The United Kingdom is faring better than the European Union in finding anything resembling an economic recovery. The International Monetary Fund is expected to upgrade the U.K.’s growth forecast from 0.7 percent to 1.0 percent Wednesday amid a series of mostly good economic data.
Consumer spending is increasing at its fastest rate for 18 months and business sentiment continues to rise in an optimistic U.K. Home values have recently gone up in what has been an otherwise struggling market as a result of efforts from the government to get people to purchase homes. Retail sales volumes were up 2.9 percent on the year in June, a sign that U.K. consumers are feeling confident about expanding their purchases. It’s a trend that has continued in the U.S. as well, where consumer credit increased by 8.25 percent in May.

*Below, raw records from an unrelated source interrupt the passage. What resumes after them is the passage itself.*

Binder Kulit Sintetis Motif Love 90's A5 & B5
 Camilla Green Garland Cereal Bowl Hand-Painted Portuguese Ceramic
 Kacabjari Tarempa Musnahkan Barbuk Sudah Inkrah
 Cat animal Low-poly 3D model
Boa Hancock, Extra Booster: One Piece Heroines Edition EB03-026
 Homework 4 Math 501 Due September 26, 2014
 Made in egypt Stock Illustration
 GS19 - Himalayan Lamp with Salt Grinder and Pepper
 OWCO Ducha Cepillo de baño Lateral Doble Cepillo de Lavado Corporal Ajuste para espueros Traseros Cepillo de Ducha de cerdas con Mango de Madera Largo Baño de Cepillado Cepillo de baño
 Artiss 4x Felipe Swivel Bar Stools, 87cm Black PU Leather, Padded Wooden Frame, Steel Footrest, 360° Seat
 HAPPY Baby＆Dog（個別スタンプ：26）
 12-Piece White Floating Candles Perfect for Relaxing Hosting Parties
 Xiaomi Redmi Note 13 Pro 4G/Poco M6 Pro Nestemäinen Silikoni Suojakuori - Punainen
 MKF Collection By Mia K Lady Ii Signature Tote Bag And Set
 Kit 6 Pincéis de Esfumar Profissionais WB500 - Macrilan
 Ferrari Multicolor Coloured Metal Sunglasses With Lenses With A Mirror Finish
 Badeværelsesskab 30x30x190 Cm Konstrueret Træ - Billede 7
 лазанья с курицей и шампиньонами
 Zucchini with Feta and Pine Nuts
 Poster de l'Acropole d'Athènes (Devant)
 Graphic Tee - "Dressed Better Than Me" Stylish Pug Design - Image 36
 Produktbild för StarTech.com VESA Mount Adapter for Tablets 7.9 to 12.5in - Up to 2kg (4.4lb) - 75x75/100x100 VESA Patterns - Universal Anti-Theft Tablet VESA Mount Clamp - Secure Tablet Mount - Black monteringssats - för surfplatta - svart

For the U.K., the problem is that manufacturing is lackluster to the point of near-recession. From April to May manufacturing receded 0.8 percent and the trade deficit expanded to 8.5 billion pounds, up from 8.4 billion pounds in April.
One analyst told The Wall Street Journal that this demonstrates an underlying truth about the economy in the U.K.
“Following on from a recent stream of improved news on the U.K. economy…a sharp drop in manufacturing output in May and a wider trade deficit provide a double reminder that the U.K. still has a tough job in developing sustained, significant growth,” said Howard Archer, an economist at IHS Global Insight.
Bank of England Governor Mark Carney is keeping interest rates low in a bid depress the pound, something the U.K. will need in order to boost exports and expand a manufacturing base that can’t seem to recover.
Manufacturing is not only weak in the U.K., either. China has faced similar problems, worrying onlookers that the world’s No. 2 economy could end up being a drag on global growth. Economists have predicted a slowdown for GDP growth in the country, largely attributed to export declines.